Hilfsbereite Eigner: Hapag-Lloyd braucht Milliardenhilfe

Die Reederei ächzt unter dem Einbruch des Welthandels. Die Verluste sind so groß, dass die Gesellschafter den Hamburgern Kapital nachschießen müssen. Die Finanzierungslücke ist nach FTD-Informationen bis zu 1,75 Mrd. Euro groß.

von Sven Clausen, Jennifer Lachman (Hamburg) und Timo Pache (Berlin)
Deutschlands größte Reederei Hapag-Lloyd hat eine Finanzierungslücke in Milliardenhöhe. Nach FTD-Informationen geht das Management um Vorstandschef Michael Behrendt im schlimmsten Fall von einem Bedarf von 1,75 Mrd. Euro aus.
Die weltweit fünftgrößte Containerreederei setzte im vergangenen Jahr 6,2 Mrd. Euro um. Der tatsächliche Finanzierungsbedarf ist abhängig vom Verlauf der Weltwirtschaftskrise und dem damit verbundenen internationalen Warenverkehr. Gegenüber der Bundesregierung, bei der sich Hapag-Lloyd bereits über Staatshilfen informiert hat, meldete das Unternehmen bisher einen Finanzbedarf von rund 1 Mrd. Euro an.

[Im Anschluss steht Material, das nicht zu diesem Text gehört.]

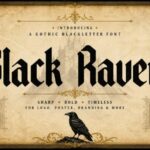 Black Raven Font - Featured Image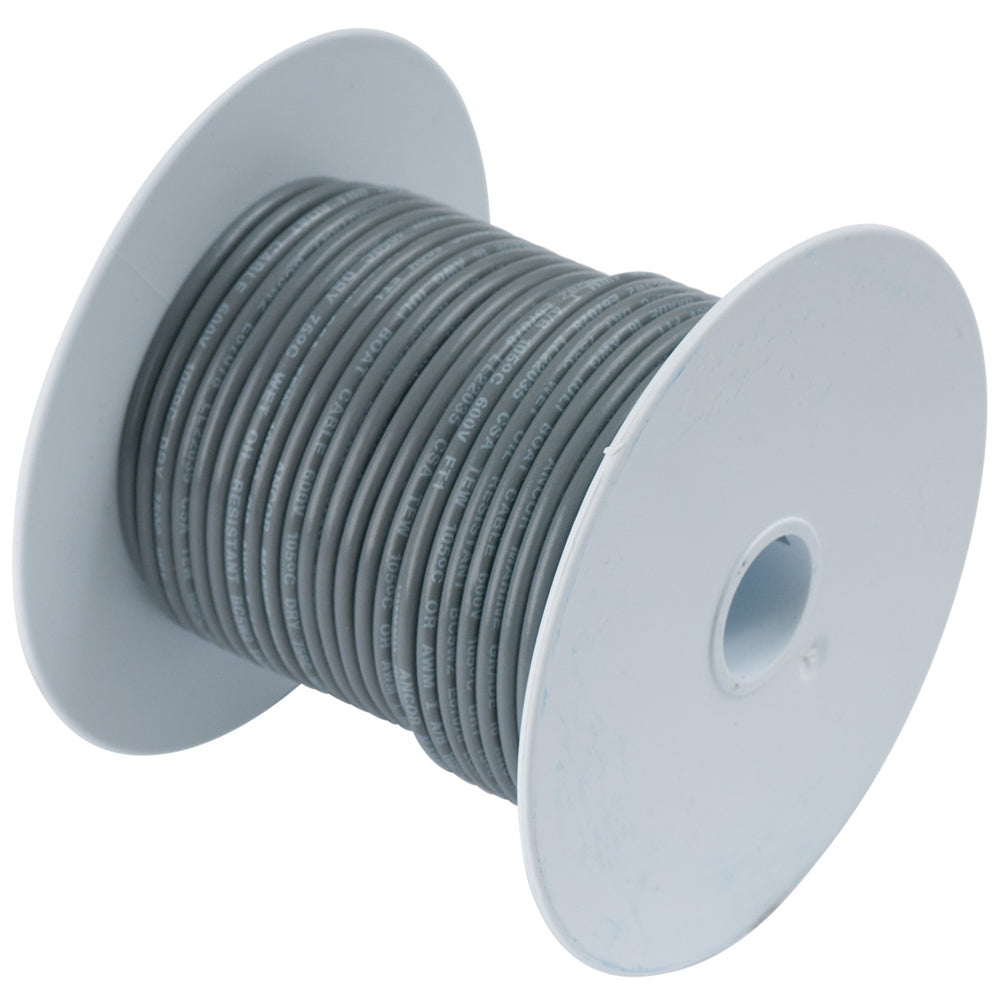 Ancor Grey 16 AWG Tinned Copper Wire - 250'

Ein Sprecher Hapag-Lloyds ließ gestern mehrere Anfragen unbeantwortet.
Fatales Signal für die Branche
Die Finanzierungslücke bei Deutschlands Vorzeigeunternehmen der Reedereibranche mit rund 7400 Beschäftigten ist ein fatales Signal für die gesamte maritime Wirtschaft der Republik. "Alle Reedereien haben eine riesige Not", sagte ein führender Manager der Branche. Die Industrie leidet unter einem drastischen Verfall der Frachtraten für Container. Auslöser dieses heftigen Absturzes ist ein Rückgang der Transportmengen bei gleichzeitig wachsenden Kapazitäten.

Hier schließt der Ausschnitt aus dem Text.